In re Findlay

Decision Date11 February 1930
Citation170 N.E. 471,253 N.Y. 1
PartiesIn re FINDLAY.
CourtNew York Court of Appeals Court of Appeals

OPINION TEXT STARTS HERE

In the matter of the revocation of letters of administration of the goods, chattels, and credits of John Findlay, deceased. Petition by Alfred Brooks against William Findlay and another as administrators. From an order of the Appellate Division, Second Department (226 App. Div. 638, 236 N. Y. S. 489), affirming a decree of the Surrogate's Court of Nassau county which dismissed on the merits a petition for the revocation of letters of administration, petitioner appeals.

Reversed and remitted, with directions.

Appeal from Supreme Court, Appellate Division, Second Department.

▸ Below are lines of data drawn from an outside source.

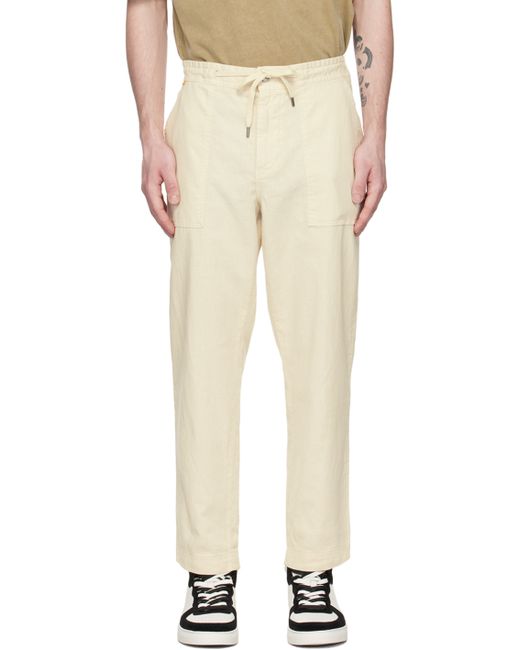 Boss Off-White Drawstring Trousers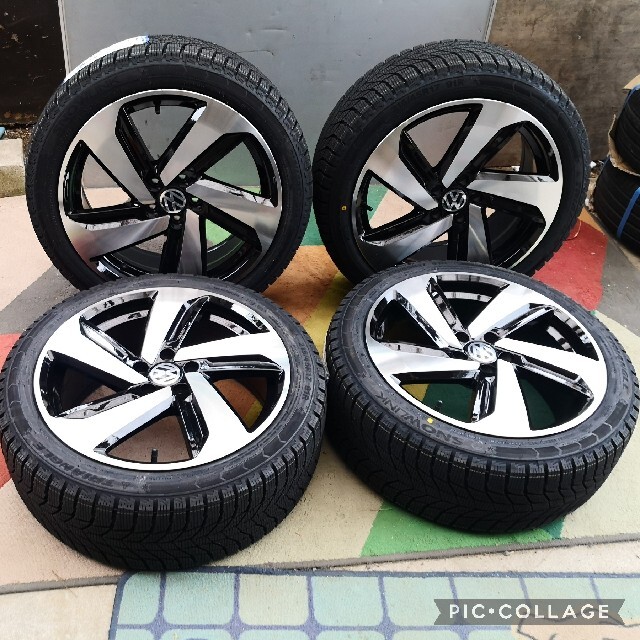 新品4本セット スタッドレスタイヤ ホイールセット 215/45R17 SNOWの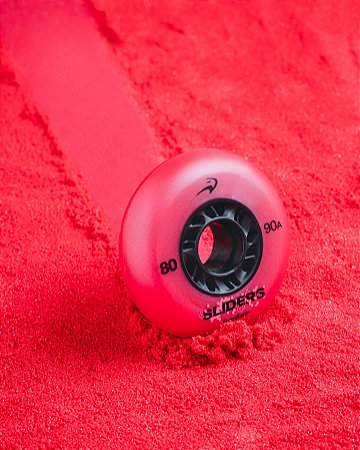 Rodas Flying Eagle FE Slider - 80mm 90a / Vermelho (4 rodas)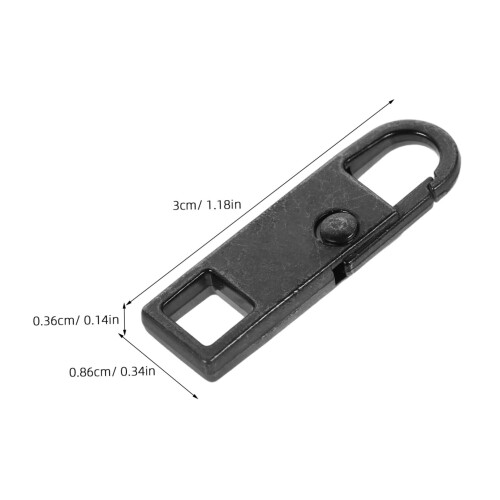 Zipper Pull Replacement Kit 6pcs for Jackets Backpacks Clothing and Boots with Easy Tool 1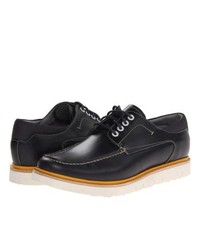 Tsubo Helios Lace Up Casual Shoes Dark Navy Leather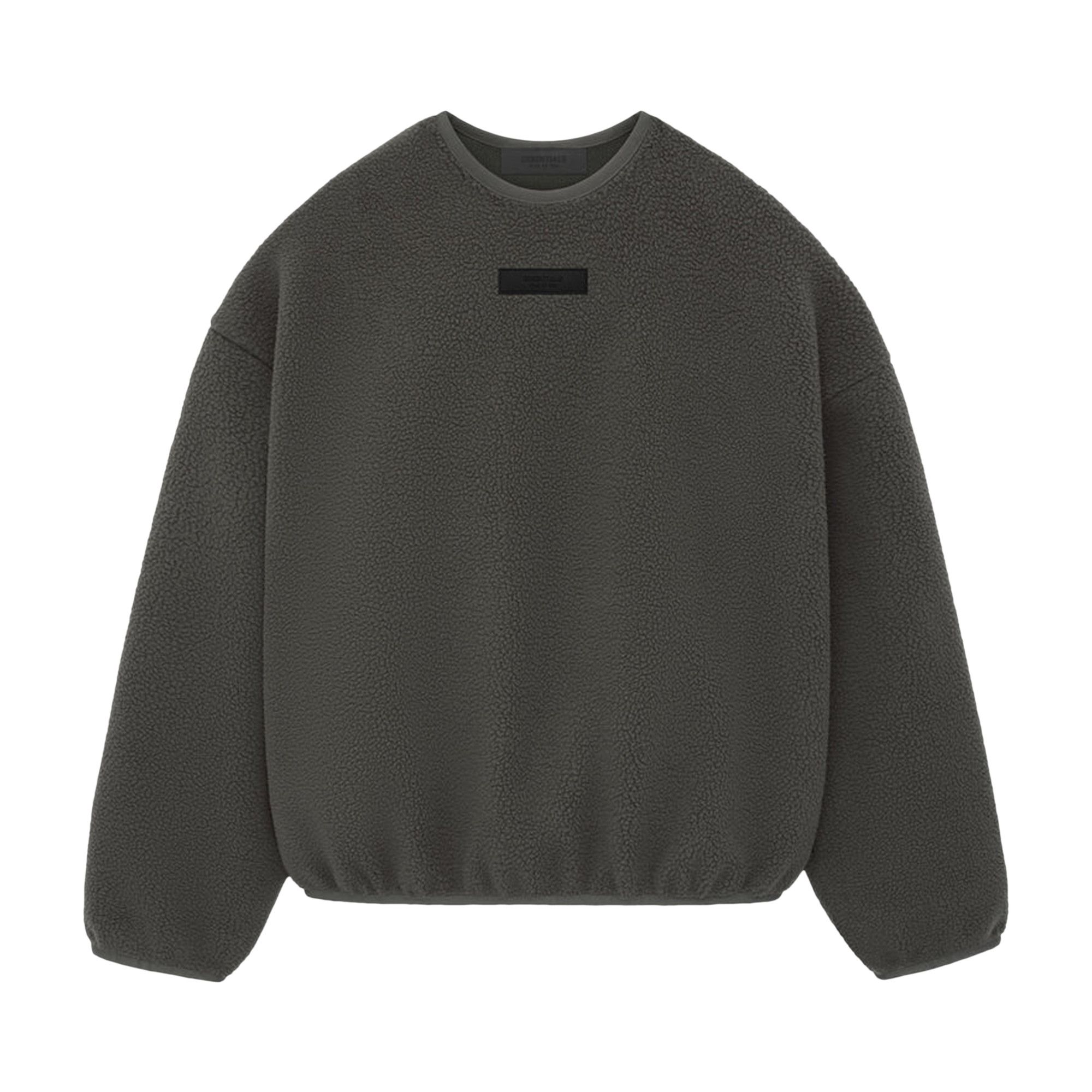 【ESSENTIALS】Crewneck Sweater/Ink(192SP244700F) Buy Fear of God Essentials Polar Fleece Crewneck 'Ink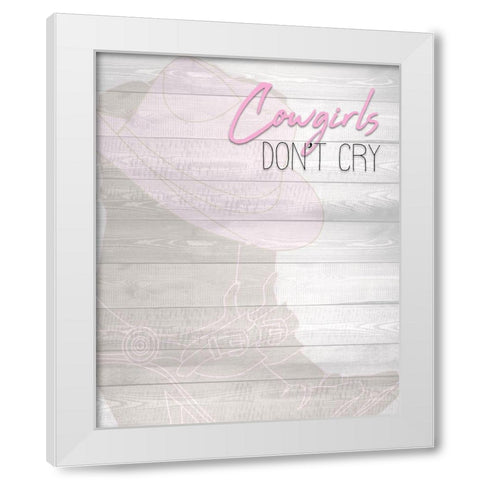 Cowgirls White Modern Wood Framed Art Print by Kimberly, Allen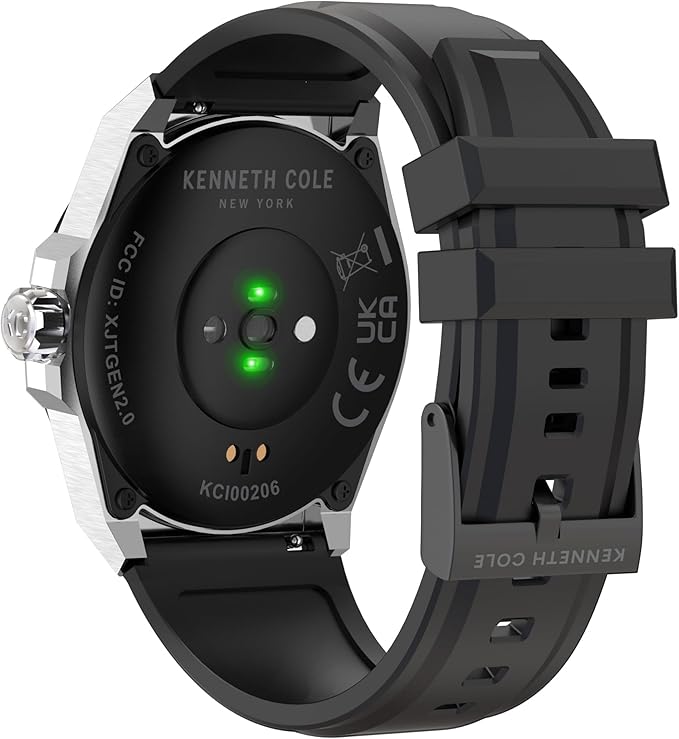 BRIBEJAT Smart Watch for Men, HD 1.32'' Stainless Steel Case Smartwatch, Waterproof Fitness Tracker Pedometer SpO2/Heart Rate/Sleep Monitor, Activity Tracker Compatible with iOS Android Phone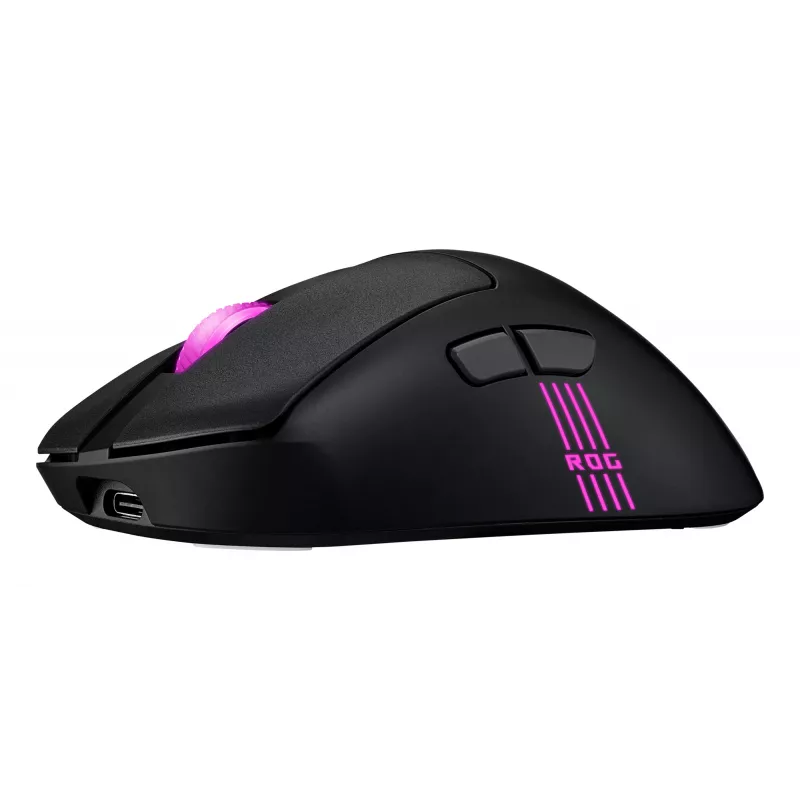ASUS ROG Keris II Origin BLK muis gaming rechtshandig RF draadloos + Bluetooth + USB Type-A optisch 42000 DPI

Christian S. Lorentzen, of New York City, for appellant.

James N. Gehrig, of Mineola, Jeremiah Wood, of Gloversville, and Ward Wilklow, of Middletown, for respondents.

CARDOZO, C. J.

Alfred Brooks, a brother of the decedent, John Findlay, formerly Albert Brooks, brings this proceeding to revoke letters of administration granted to William Findlay and another upon the false suggestion, as he claims, that William was John's brother, and entitled as such to administer the estate.

Henry Brooks and Ann Aldridge were married in England in 1852. They had three children: Arthur, who died unmarried many years ago; Albert, the decedent, who came to America in 1874 at the age of nineteen and changed his name to John Findlay; and Alfred, the petitioner, born in 1859, and still a resident of England.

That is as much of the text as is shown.